#### Source data ####

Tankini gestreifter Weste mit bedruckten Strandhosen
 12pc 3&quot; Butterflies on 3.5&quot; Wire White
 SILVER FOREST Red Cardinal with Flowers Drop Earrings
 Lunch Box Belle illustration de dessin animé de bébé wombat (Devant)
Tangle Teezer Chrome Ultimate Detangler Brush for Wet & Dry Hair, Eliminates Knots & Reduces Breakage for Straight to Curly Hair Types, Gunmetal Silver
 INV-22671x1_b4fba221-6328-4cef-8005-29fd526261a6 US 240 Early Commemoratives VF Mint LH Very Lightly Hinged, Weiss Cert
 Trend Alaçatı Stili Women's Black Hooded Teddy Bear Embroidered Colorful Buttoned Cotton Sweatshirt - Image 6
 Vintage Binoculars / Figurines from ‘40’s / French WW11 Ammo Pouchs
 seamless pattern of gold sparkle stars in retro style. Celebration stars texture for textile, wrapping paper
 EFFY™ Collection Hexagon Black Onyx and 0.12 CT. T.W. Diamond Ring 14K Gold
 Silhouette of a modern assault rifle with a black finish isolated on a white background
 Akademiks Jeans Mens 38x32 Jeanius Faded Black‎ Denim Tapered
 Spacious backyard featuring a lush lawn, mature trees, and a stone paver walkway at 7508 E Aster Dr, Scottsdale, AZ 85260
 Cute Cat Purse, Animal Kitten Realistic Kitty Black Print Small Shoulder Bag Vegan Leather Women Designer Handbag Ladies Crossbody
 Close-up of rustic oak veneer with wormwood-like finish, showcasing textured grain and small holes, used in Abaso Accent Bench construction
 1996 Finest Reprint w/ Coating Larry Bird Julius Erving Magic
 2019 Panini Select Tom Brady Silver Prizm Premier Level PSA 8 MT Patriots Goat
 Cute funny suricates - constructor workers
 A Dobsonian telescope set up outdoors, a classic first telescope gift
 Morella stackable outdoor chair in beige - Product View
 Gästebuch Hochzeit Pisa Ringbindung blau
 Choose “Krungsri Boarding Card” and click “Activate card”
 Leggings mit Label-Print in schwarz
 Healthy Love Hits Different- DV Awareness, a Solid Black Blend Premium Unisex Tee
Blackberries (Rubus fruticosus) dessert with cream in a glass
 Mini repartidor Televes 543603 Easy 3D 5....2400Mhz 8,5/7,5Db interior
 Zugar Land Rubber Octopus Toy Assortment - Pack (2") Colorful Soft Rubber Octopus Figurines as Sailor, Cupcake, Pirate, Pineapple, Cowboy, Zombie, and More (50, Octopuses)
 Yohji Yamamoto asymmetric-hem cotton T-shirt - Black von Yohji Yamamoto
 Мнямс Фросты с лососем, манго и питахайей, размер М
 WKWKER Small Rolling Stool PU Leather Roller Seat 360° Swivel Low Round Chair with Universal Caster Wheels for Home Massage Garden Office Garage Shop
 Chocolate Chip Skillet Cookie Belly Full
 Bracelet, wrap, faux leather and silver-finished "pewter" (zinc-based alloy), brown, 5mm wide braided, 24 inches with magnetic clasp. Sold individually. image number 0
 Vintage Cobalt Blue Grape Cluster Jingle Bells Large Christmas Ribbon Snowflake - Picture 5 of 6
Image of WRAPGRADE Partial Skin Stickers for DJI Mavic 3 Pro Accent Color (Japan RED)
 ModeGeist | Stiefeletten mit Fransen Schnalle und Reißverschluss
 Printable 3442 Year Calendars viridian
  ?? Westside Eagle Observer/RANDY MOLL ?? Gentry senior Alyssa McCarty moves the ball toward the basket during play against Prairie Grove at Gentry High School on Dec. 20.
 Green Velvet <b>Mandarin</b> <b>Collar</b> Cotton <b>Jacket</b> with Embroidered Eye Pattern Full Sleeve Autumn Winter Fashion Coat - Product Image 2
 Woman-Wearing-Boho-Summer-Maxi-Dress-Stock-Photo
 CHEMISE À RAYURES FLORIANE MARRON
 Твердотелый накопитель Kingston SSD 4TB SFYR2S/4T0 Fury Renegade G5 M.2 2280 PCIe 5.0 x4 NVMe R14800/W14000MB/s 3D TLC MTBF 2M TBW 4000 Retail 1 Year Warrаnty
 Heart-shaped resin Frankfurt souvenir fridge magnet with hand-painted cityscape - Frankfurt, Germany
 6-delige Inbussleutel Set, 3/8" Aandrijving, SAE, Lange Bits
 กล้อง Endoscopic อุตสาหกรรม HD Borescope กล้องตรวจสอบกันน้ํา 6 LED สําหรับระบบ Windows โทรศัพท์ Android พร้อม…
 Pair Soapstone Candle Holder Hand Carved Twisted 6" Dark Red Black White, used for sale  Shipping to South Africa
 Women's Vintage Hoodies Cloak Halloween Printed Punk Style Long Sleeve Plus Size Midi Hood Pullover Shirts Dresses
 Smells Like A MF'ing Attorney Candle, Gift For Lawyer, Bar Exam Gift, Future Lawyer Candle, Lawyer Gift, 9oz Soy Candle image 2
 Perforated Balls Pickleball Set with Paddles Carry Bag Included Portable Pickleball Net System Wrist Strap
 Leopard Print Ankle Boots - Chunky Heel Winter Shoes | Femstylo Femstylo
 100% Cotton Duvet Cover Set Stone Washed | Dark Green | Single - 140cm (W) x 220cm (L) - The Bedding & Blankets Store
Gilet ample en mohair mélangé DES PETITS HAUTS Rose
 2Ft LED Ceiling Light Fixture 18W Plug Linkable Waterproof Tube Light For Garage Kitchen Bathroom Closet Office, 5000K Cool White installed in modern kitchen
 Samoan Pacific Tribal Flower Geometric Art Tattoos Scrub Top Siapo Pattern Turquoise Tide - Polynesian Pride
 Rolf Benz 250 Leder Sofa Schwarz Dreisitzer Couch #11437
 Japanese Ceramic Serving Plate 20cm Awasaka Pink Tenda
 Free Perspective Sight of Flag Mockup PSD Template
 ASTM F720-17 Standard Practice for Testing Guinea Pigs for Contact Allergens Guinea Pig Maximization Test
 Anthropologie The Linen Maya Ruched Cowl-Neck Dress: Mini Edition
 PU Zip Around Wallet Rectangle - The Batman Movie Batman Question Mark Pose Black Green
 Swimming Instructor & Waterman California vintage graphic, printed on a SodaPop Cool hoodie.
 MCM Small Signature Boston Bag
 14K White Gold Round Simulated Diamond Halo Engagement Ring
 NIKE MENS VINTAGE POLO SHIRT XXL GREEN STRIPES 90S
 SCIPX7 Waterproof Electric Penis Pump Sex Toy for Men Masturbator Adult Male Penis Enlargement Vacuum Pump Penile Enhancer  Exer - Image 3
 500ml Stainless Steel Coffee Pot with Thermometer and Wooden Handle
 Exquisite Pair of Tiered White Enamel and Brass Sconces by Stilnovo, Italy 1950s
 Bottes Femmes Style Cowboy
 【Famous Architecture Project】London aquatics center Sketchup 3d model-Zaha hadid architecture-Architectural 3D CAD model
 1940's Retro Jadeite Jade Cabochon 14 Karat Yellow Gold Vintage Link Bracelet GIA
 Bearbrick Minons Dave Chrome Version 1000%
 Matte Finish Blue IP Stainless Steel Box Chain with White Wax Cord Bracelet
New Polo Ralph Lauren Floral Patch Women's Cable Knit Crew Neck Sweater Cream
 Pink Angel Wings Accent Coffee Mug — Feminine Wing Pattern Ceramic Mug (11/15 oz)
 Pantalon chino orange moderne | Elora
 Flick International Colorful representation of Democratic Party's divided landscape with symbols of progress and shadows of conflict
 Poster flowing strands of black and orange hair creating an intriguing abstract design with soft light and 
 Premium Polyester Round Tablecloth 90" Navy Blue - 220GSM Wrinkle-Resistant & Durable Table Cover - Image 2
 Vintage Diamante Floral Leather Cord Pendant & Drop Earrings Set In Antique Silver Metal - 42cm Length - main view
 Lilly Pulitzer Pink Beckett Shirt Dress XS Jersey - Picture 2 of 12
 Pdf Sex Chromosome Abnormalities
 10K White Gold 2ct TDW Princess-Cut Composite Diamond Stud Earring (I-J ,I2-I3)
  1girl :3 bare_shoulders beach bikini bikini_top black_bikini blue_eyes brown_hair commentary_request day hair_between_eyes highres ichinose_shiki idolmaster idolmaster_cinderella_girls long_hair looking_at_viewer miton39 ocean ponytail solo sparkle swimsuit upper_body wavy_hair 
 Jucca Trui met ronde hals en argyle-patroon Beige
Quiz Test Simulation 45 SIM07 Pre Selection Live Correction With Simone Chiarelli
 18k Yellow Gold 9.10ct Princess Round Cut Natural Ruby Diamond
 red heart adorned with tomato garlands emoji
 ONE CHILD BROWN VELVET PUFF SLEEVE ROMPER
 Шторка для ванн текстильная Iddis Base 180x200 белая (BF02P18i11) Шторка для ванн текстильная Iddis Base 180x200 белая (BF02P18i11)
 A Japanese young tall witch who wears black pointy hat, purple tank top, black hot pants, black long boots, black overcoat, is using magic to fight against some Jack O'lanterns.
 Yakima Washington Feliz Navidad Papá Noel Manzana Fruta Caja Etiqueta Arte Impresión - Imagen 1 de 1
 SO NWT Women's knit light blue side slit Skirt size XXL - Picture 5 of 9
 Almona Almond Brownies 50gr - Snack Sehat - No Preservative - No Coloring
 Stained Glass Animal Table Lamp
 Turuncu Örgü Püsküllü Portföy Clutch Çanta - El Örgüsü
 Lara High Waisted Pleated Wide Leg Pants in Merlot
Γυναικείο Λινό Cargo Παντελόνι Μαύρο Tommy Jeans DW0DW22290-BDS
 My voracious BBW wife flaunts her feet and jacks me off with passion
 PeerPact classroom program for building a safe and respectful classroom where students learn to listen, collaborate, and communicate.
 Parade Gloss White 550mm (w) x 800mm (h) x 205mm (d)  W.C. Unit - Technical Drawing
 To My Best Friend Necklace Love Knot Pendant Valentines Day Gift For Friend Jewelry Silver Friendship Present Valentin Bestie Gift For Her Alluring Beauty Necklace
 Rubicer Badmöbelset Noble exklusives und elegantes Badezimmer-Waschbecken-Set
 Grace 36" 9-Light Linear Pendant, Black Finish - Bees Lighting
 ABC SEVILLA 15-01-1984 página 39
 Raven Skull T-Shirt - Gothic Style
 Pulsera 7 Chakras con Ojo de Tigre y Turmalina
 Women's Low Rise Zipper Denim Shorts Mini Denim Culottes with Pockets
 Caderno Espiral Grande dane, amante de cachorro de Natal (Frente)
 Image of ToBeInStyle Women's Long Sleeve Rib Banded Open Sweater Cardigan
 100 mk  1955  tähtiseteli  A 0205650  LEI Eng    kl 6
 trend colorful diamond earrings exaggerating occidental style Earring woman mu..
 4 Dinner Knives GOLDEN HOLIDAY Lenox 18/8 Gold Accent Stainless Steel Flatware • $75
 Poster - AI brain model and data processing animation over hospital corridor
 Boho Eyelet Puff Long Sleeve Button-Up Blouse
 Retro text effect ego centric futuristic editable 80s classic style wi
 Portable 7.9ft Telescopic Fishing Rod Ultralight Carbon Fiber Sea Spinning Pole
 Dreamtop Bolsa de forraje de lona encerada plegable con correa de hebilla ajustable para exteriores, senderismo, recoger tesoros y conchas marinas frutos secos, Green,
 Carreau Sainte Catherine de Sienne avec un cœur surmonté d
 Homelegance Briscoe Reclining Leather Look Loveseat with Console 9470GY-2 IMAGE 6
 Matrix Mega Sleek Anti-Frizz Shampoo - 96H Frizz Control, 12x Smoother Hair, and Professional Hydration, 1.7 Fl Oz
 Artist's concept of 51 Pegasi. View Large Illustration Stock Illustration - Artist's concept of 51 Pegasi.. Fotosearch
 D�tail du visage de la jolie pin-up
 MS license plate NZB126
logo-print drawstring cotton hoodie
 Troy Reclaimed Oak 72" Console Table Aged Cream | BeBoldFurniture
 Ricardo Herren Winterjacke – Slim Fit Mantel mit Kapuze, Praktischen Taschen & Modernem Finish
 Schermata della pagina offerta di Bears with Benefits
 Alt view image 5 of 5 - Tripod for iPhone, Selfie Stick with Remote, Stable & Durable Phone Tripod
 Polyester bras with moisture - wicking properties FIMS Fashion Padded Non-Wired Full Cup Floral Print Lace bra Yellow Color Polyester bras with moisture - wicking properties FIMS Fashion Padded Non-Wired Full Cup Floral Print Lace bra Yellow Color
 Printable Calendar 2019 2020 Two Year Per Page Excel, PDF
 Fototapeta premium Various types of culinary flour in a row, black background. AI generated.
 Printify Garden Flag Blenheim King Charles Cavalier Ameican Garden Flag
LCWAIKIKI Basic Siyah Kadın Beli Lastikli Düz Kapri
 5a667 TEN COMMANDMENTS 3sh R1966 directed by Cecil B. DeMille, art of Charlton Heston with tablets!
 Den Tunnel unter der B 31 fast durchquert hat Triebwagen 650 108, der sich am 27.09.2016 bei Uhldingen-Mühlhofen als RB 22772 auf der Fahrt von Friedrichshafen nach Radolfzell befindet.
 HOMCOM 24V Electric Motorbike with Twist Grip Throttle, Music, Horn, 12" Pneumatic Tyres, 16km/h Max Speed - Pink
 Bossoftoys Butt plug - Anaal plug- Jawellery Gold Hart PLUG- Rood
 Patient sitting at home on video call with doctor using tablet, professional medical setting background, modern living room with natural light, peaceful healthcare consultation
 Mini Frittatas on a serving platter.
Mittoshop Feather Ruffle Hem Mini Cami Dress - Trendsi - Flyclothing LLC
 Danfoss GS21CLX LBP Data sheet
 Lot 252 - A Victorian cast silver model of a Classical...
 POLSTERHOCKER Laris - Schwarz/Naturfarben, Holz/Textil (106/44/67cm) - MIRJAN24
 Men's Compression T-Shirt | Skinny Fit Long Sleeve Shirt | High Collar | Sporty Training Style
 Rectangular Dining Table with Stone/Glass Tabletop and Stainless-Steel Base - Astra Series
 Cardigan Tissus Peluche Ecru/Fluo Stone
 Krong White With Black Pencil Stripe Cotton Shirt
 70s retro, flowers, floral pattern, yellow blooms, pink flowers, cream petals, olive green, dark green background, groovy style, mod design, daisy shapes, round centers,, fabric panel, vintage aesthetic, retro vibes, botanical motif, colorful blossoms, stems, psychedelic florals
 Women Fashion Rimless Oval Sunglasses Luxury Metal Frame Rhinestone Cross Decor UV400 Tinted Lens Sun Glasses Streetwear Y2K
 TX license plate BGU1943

####

• _Activity_
Over the whole listing above, how many lines contain the string "Women"? The answer is that number alone.

• _Your solution_
8